Both moves helped stake out positions for what are expected to be difficult negotiations late in the legislative session on a final transportation package that will pay for roads, bridges and public transit statewide.
Leaders of the Senate’s GOP narrow majority have been adamant that there’s no need to raise taxes when the state projects a $1 billion surplus for the upcoming two-year budget period. But Democrats, including the governor, argue that tax increases are necessary to ensure a stable, dedicated revenue source for transportation in a growing state while freeing up general fund money for education and other programs.
The House Democratic majority’s proposal largely mirrors Walz’s, although it would phase in a 20 cent gas tax increase over four years instead of the governor’s proposal for two years. Both versions would then index the gas tax for inflation. There are some differences on proposed license tab fee increases; the House version would actually lower tab fees for older cars, and House Democrats proposed a half-cent sales tax increase for the Twin Cities metro area to fund mass transit projects instead of the one-eighth-cent increase that Walz proposed.

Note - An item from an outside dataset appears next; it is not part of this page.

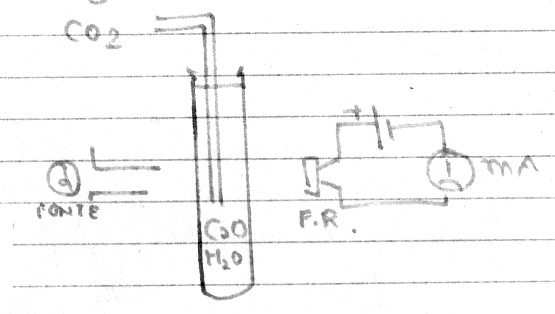 Figura 1 – Usando o circuito
Figura 1 – Usando o circuito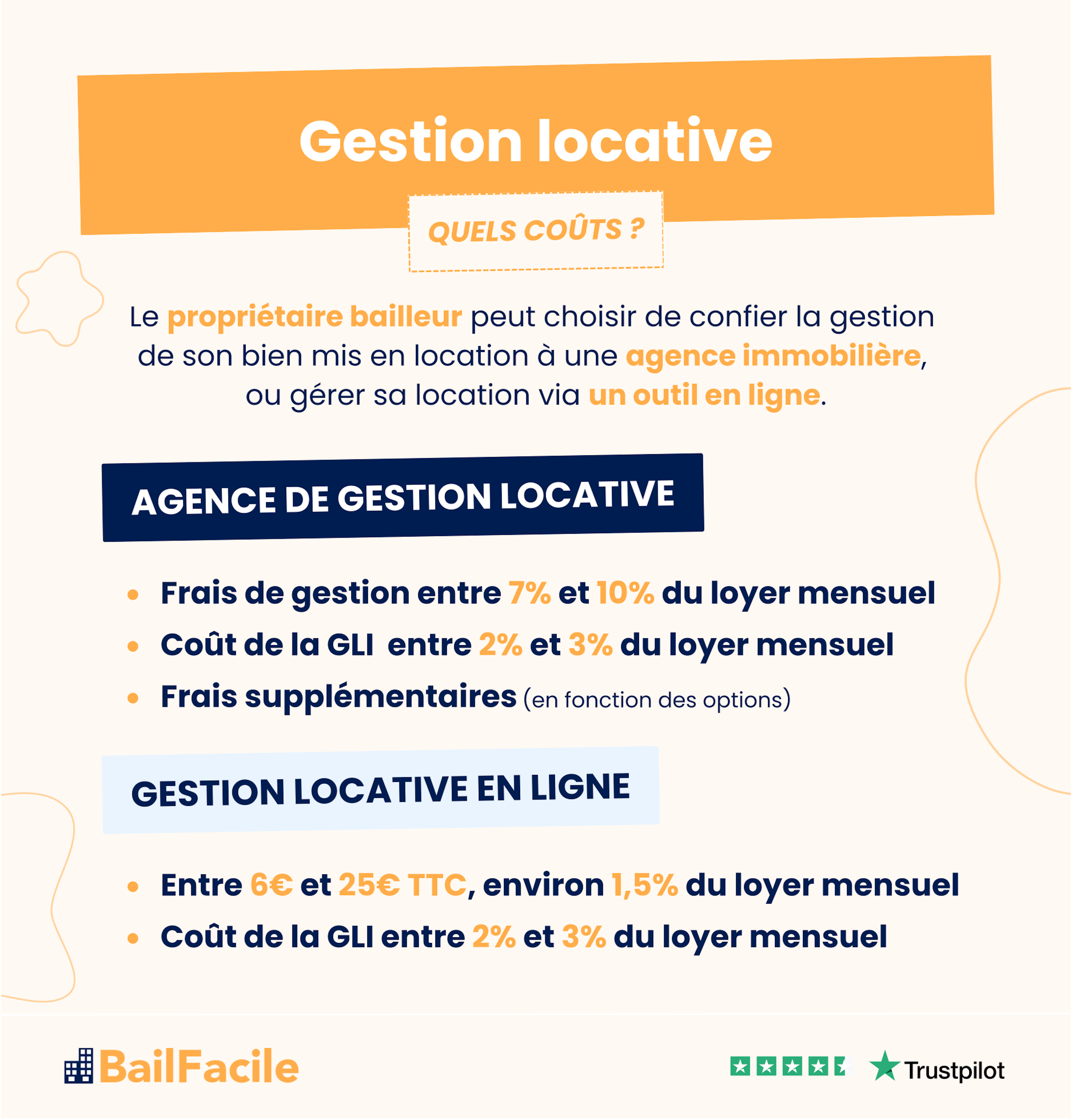 couts gestion locative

“We are joining Governor Walz in offering Minnesotans a choice between crumbling roads, bridges that are structurally deficient and a mass transit system that falls further and further behind our competitors in other parts of the country, and a choice between potholes and pavement,” Majority Leader Ryan Winkler said at a news conference.

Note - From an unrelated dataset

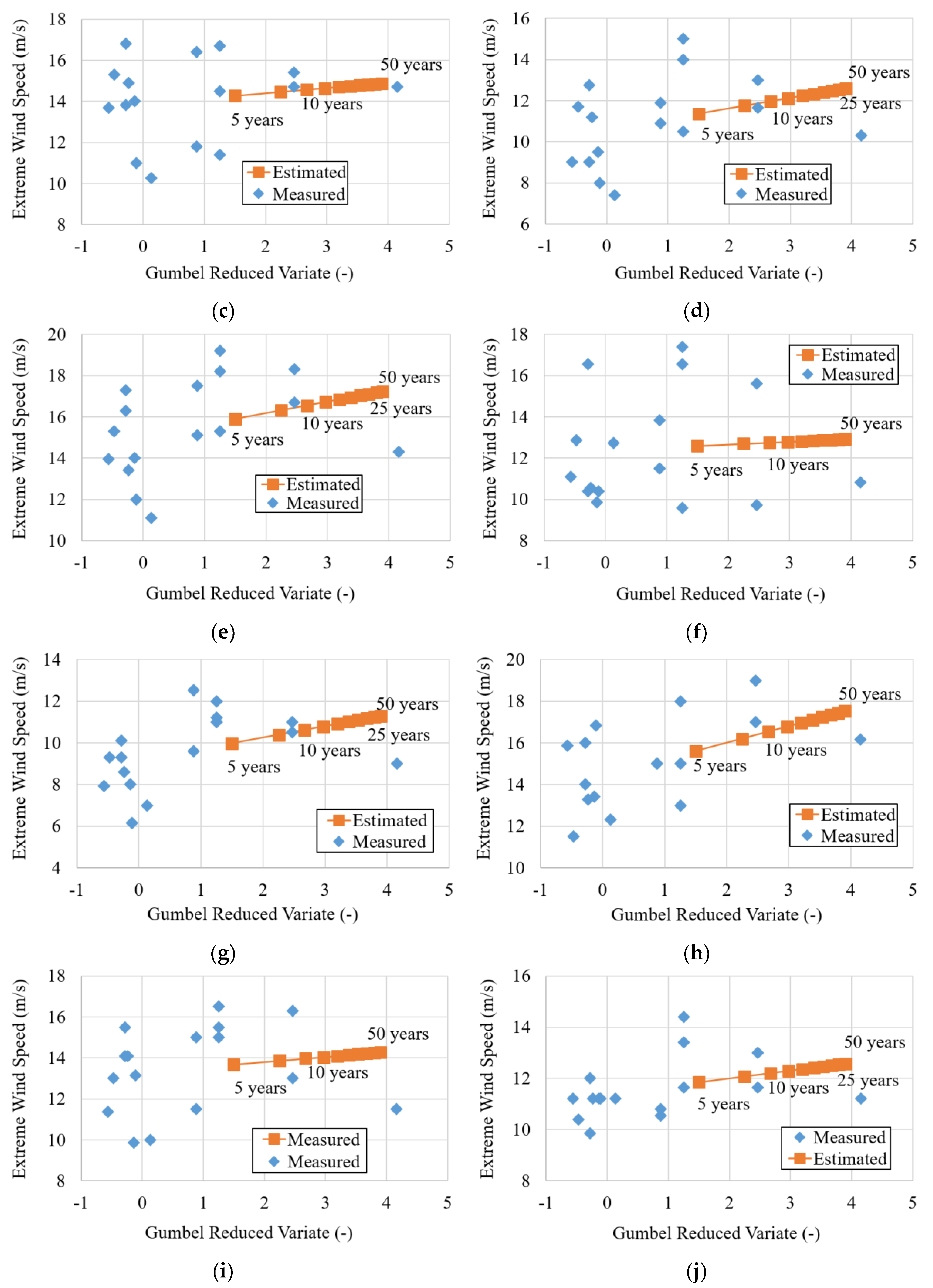 Energies 12 03140 g007b 550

The leaders were backed up by a contingent of orange-clad members of the Laborers’ International Union of North America.
“They know this bill is one of the most important jobs bills of this session and they know that it will create good and sustainable jobs now and well into the future,” said Rep. Frank Hornstein, chairman of the House transportation committee.

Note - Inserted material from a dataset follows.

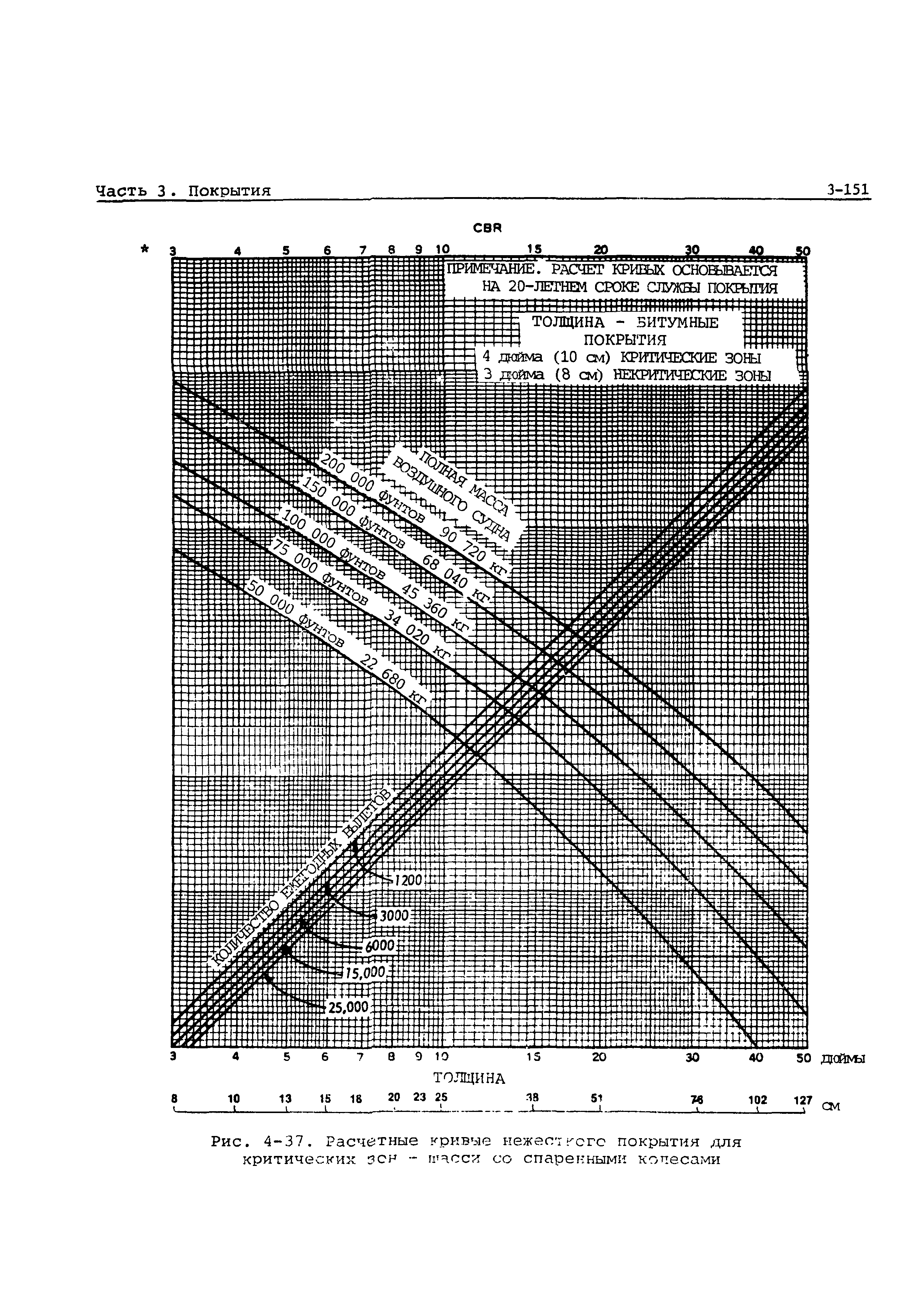 Руководство Doc 9157-AN/901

The Senate transportation committee later voted largely along party lines, 9-6, against a bill that took the unusual step of breaking out Walz’s transportation tax proposals and omitting his spending proposals for roads, bridges and transit.
The committee chairman, Sen. Scott Newman, said he’ll propose a broad transportation budget bill next week, but he wanted his committee to first have a discussion about the governor’s tax proposals — and not just the gas tax.
Newman cited Walz’s proposals for higher registration and tab fees, raising the sales tax on motor vehicles from 6.5 percent to 6.875 percent, and reversing a 2017 tax law change that channels part of the sales tax on motor vehicle parts into roads instead of the state’s general fund so that it could be spent on education or other things. Newman and other Republicans want to reserve the parts tax money for transportation.
Senate Majority Leader Paul Gazelka said Newman has shown that he’s able to work with the governor on issues where they have common ground, such as finding money to fix the state’s troubled vehicle registration system known as MNLARS.
“I do believe he wants to work with the governor on what we do on transportation, but not how we fund transportation,” Gazelka said.